OEM拡大でB2B領域の事業も拡大
法人事業では、SMB市場向けに従来のライセンス販売に加えてMSP(Managed Service Provider)ビジネスも展開する。このMSP向けプログラムは「間もなく詳細を発表する」(藤岡社長)。xSP・IoT市場向けも推進し、サブスクリプションでのサービス提供を行うほか、メーカーへのOEM提供なども進めていく。
営業体制も増員を含めて強化。現在のチャネルを担当する営業やSEの増員に加え、大手企業向けには直販を行うハイタッチ営業部門を新設するなど、各市場への取り組みを強化していく。
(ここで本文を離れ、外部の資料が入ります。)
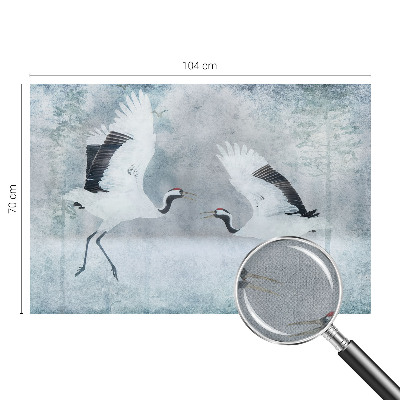 3D fototapet med ett harmoniskt motiv av kranar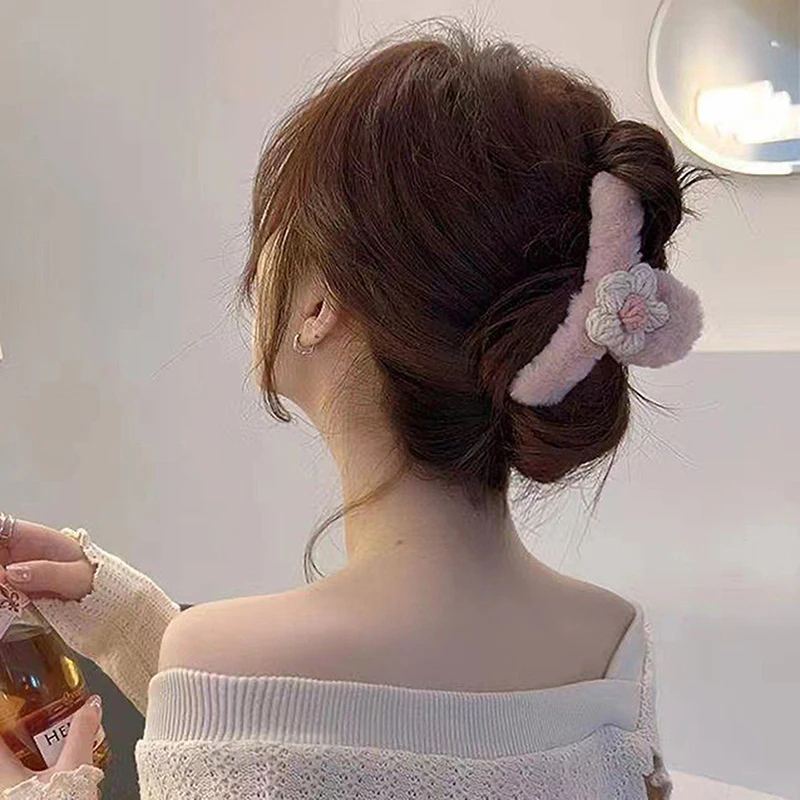 Корейский стиль мультяшная мода вишневый плюшевый коготь для волос женщин и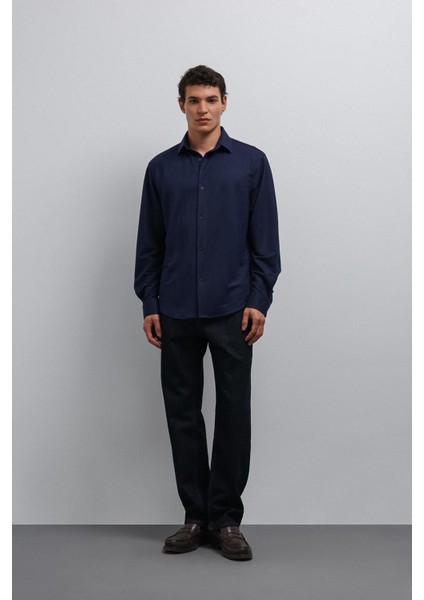 Lacivert Relax Fit Erkek Gömlek modelleri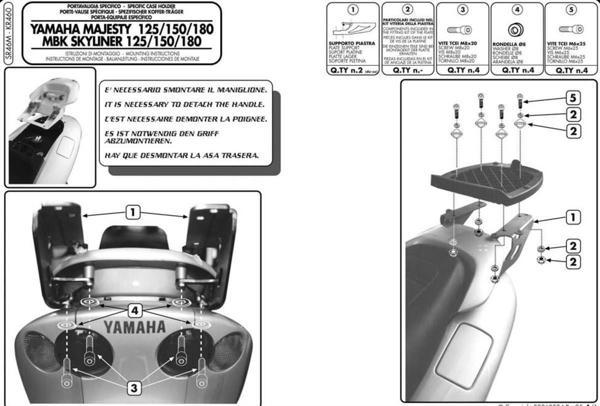 Givi SR46M YAMAHA MAJESTY 125-150-180 (01-11) Arka Çanta Taşıyıcı - Image 1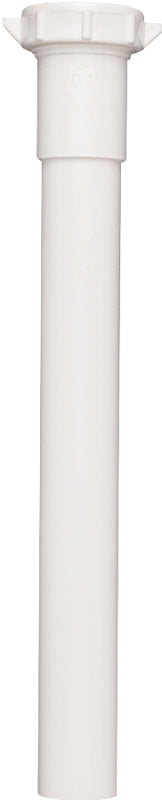 Plumb Pak PP945W Pipe Extension Tube, 1-1/4 in, 12 in L, Slip-Joint, Plastic, White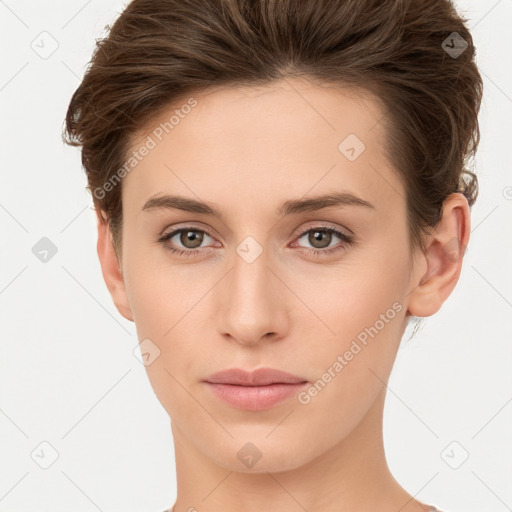 Neutral white young-adult female with short  brown hair and brown eyes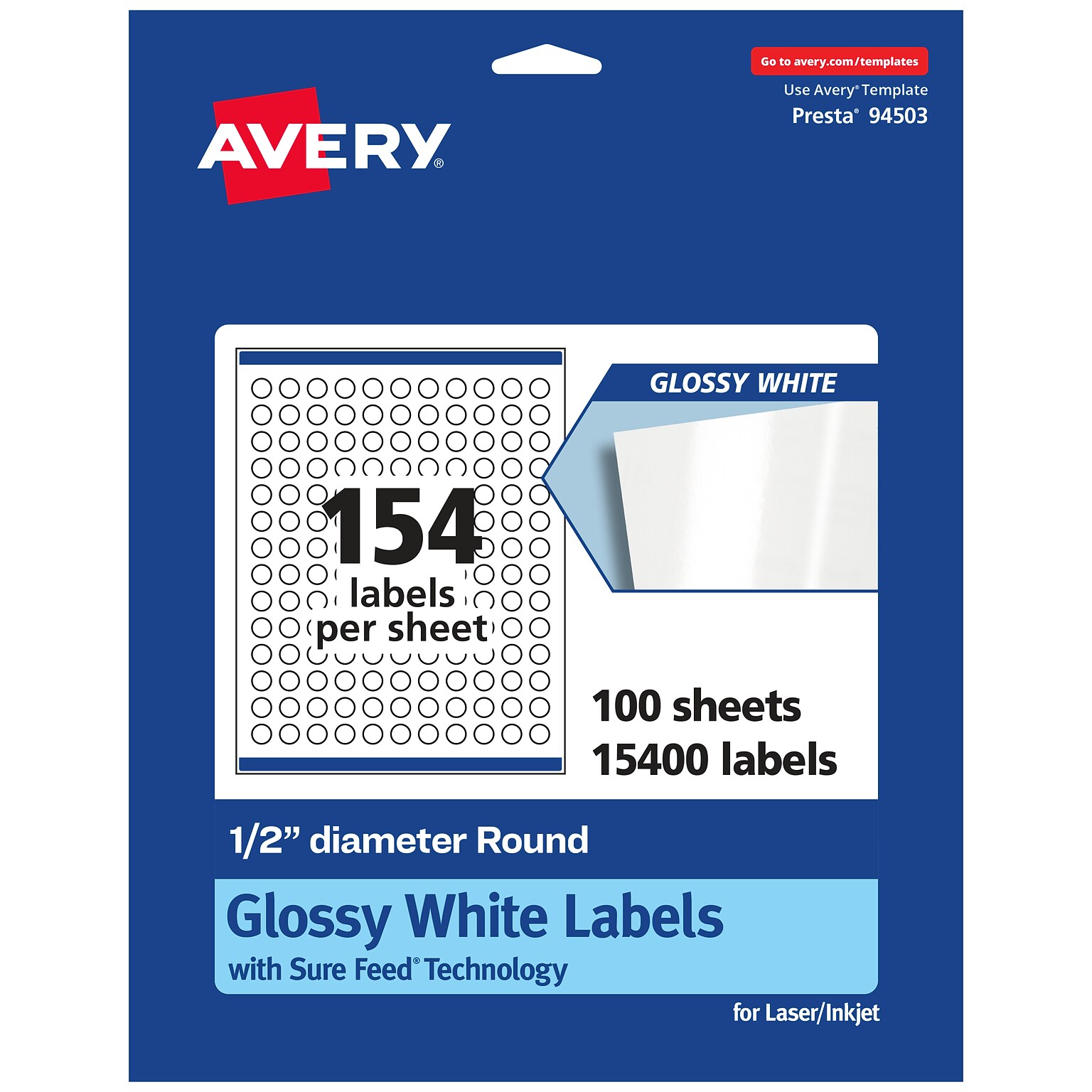 Avery Laser/Inkjet Circle Multipurpose Labels, 0.5  Dia, Glossy White, 15400/Box (94503)
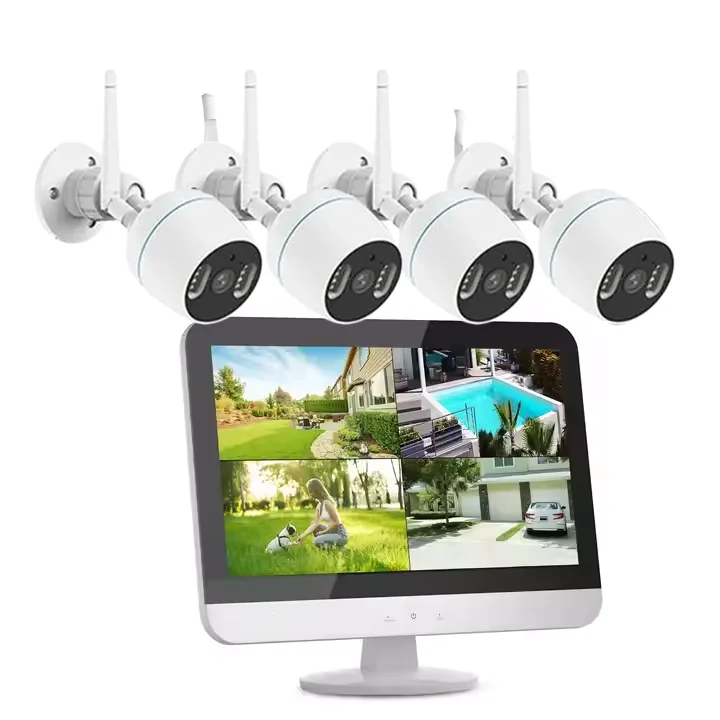 

4CH 5MP Home Security System WiFi 10" LCD Built In NVR KIT Support SD Card 2.5inch HDD Bullet Camera Waterproof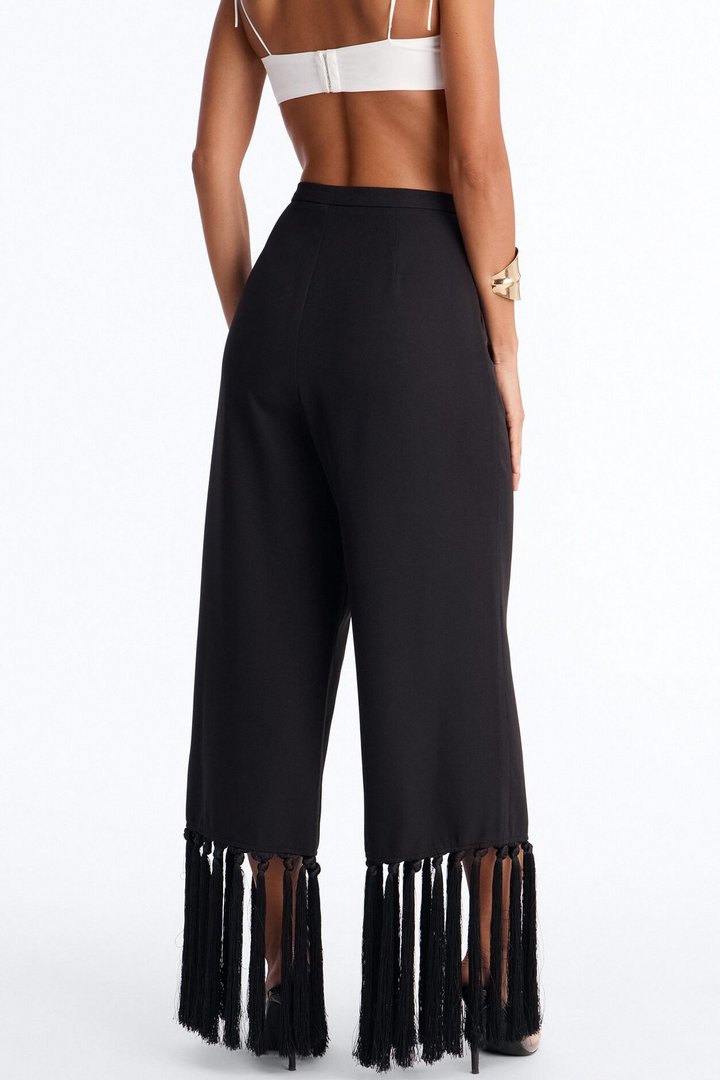 Samantha High Rise Wide Leg Tassel Fringe Trouser - Black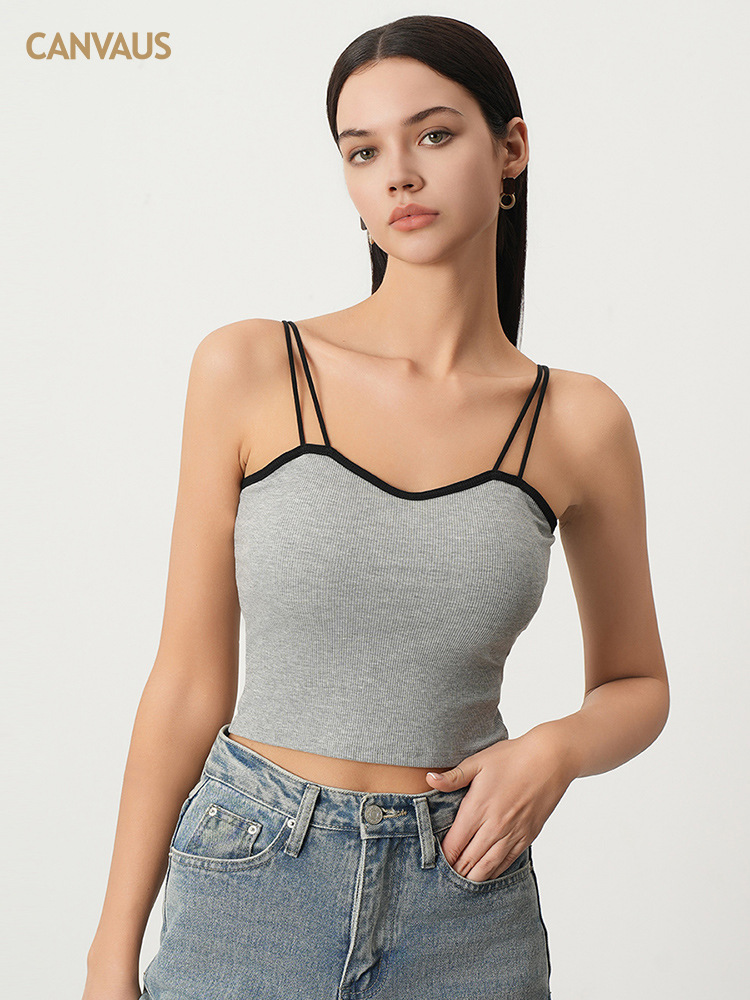 CANVAUS Double Shoulder Strap Camisole Women's Backless Top with Chest Pad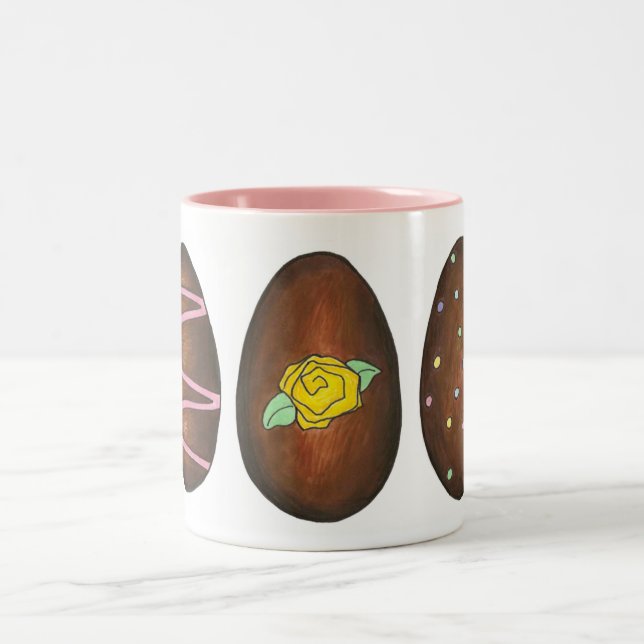 Tasse 2 Couleurs Crème au chocolat Pâques Panier Oeuf Candy (Centre)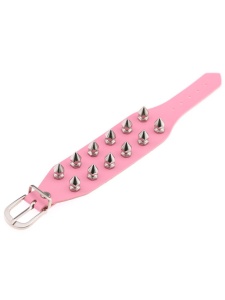 Image of Pink Faux Leather BDSM Bracelet with Adjustable Studs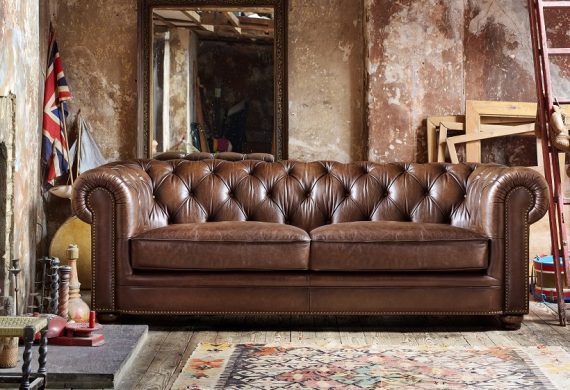 chesterfield style leather or fabric sofa range with non sag spring unit in the seat cushion
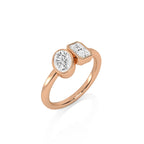 1 CT. Oval and Emerald Cut Bezel Set Natural Diamond Two Stone Engagement Ring
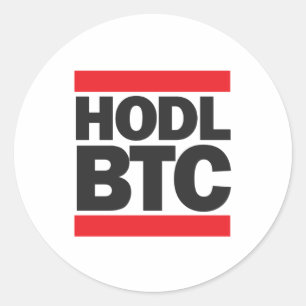 おもしろいなHODL BTC Bitcoin Cryptocurrencyのプリント ラウンドシール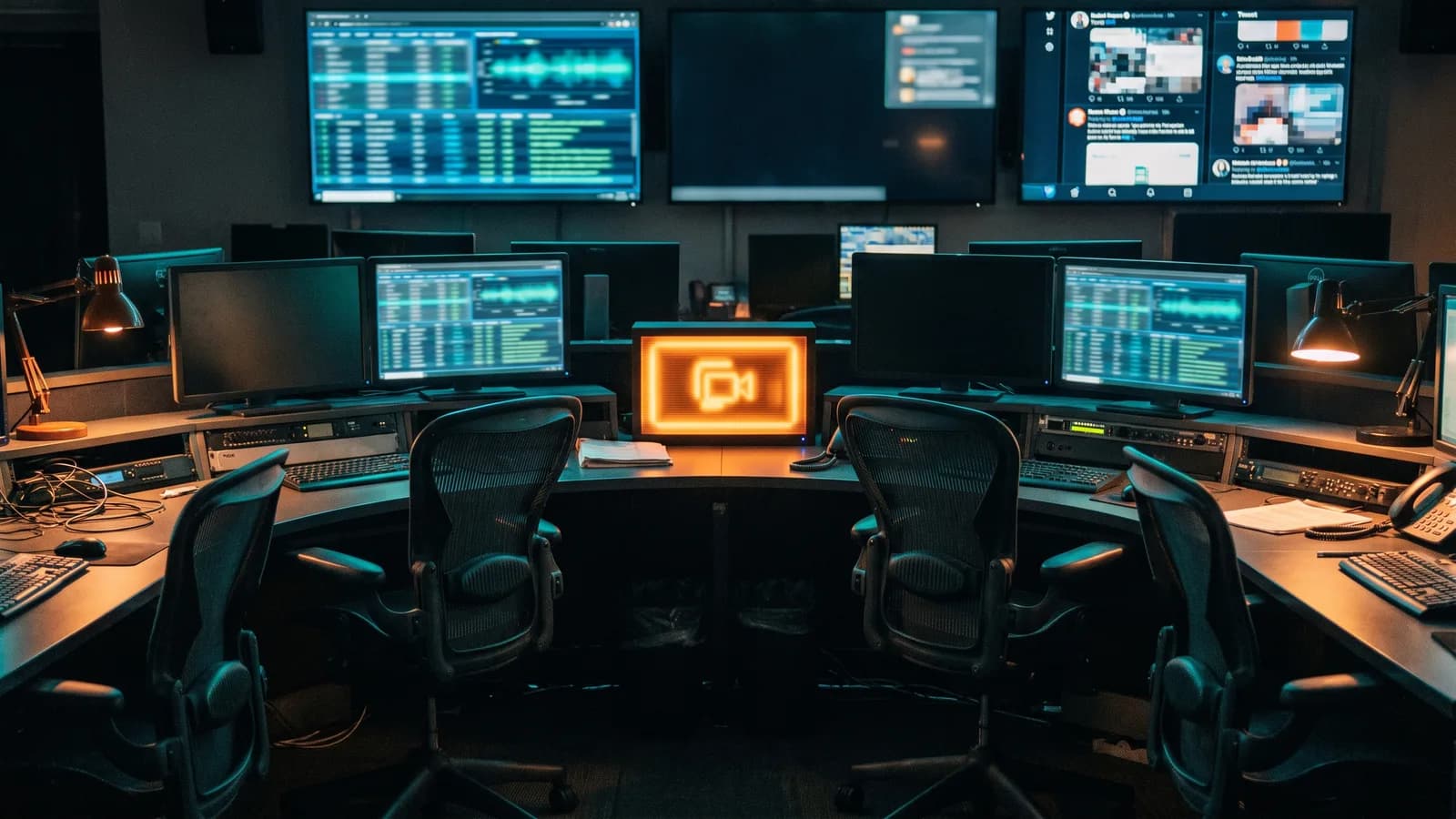 Monitoring desk at night with a glowing alert panel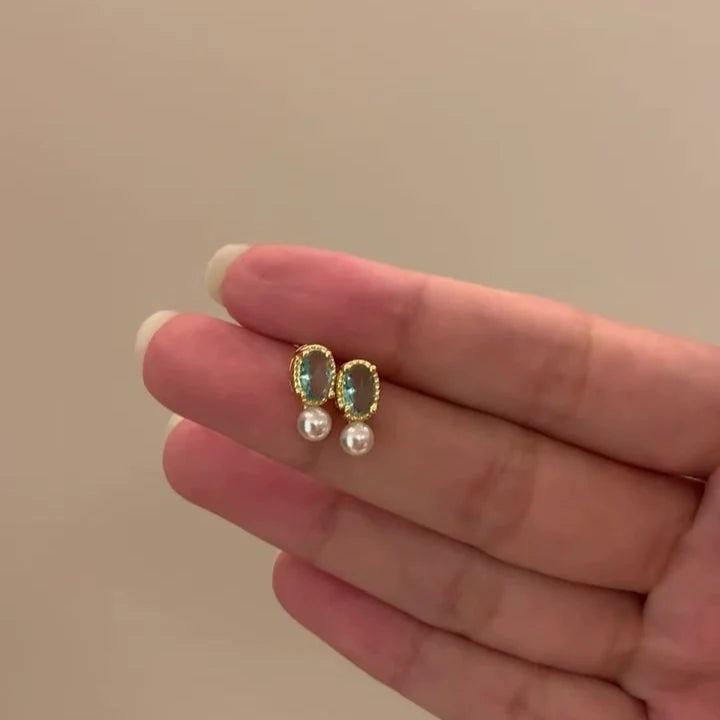 Camiyah Aquamarine Pearl Studs - Aquamarine Pearl Studs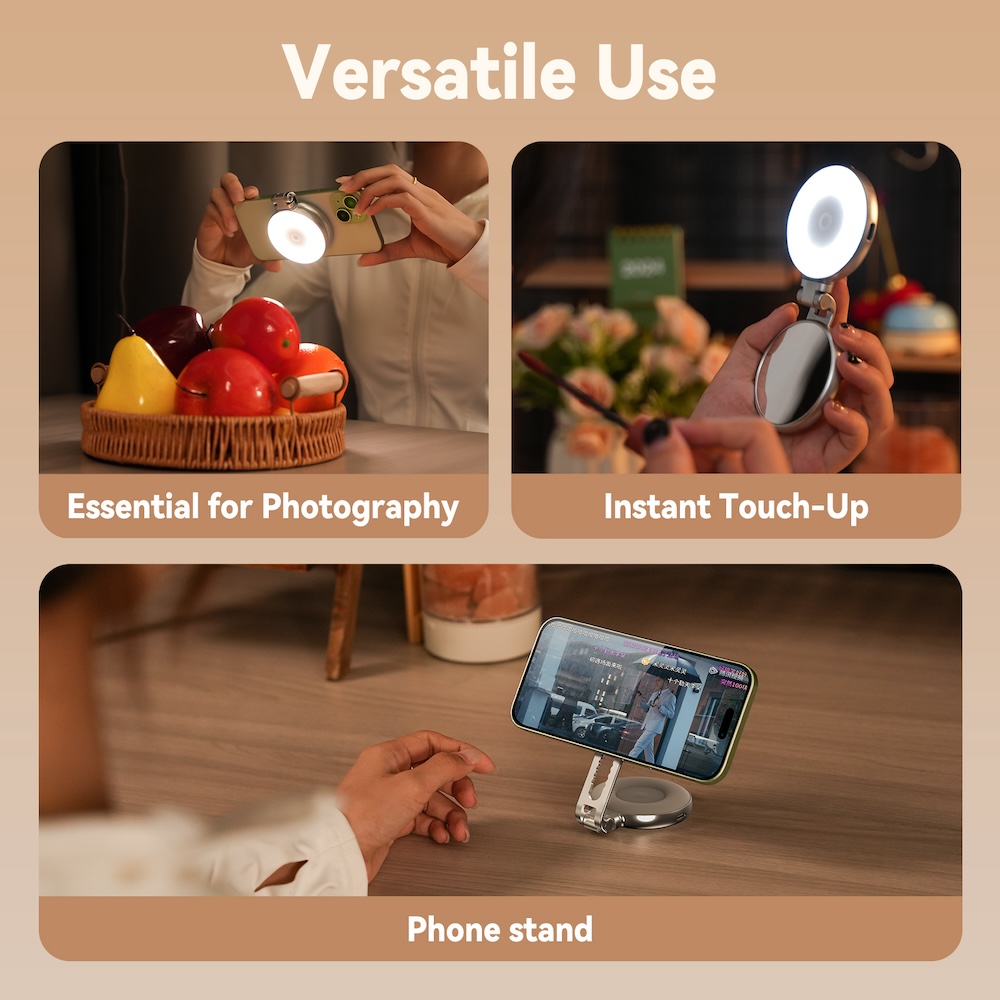 TELESIN Magnetic Phone Selfie Mirror LED Fill Light | Shopee Singapore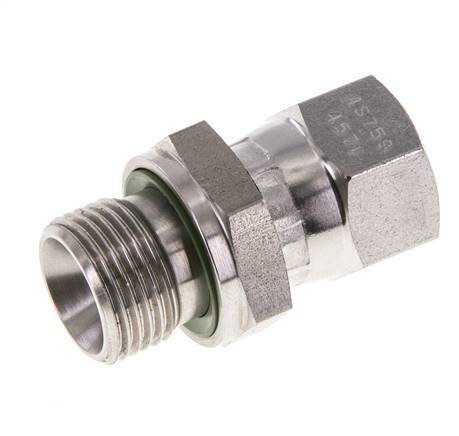 Mamelon réducteur JIC UNF 9/16''-18 Femelle x G3/8'' Mâle Ajustable Acier Inoxydable 275bar (3863.75psi)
CSR活動は、教育分野向け、子供向け、家庭向け、大人向けと取り組みを続けており、教育現場での「情報モラル診断サービス」はすでに3万人が受検。「ジュニアスマホ検定」は2万人が受けており、今後も啓蒙活動を含めたCSR活動は継続する。
透明性は重要な課題
さらに、本社がロシアの企業でもあり、米国との関係で問題が発生していることに関して、透明性への取り組みも進めていく。グローバルでは、まずは2018年11月から欧州ユーザーの情報をロシアから移転する手続きを開始。スイス・チューリッヒに開設したTranparency Centerに情報を移管する。
今年第2四半期には世界のいわゆる4大会計事務所のうちの1社からSOC2監査を受けることで、ソフトウェア開発プロセスの安全性評価を行う。2019年末までには日本を含む各国の情報もチューリッヒのセンターに移管し、20年末までにアジアや米国にもセンターを開設し、それぞれのデータを移転する。アジアのセンターは、現在日本を含めて選定中だという。
こうした透明性の確保によって、米国を中心とした懸念に応えたい考えだ。同社の専務執行役員・宮橋一郎氏は、「ある国家の軍がカスペルスキー製品を一括購入する際に、国家からソースコードレビューなどの依頼があり、専門家が2週間、(ロシア)本社に滞在して多くの監査をして、その上で購入した事例もある」と話し、懸念には当たらないとの考えを示す。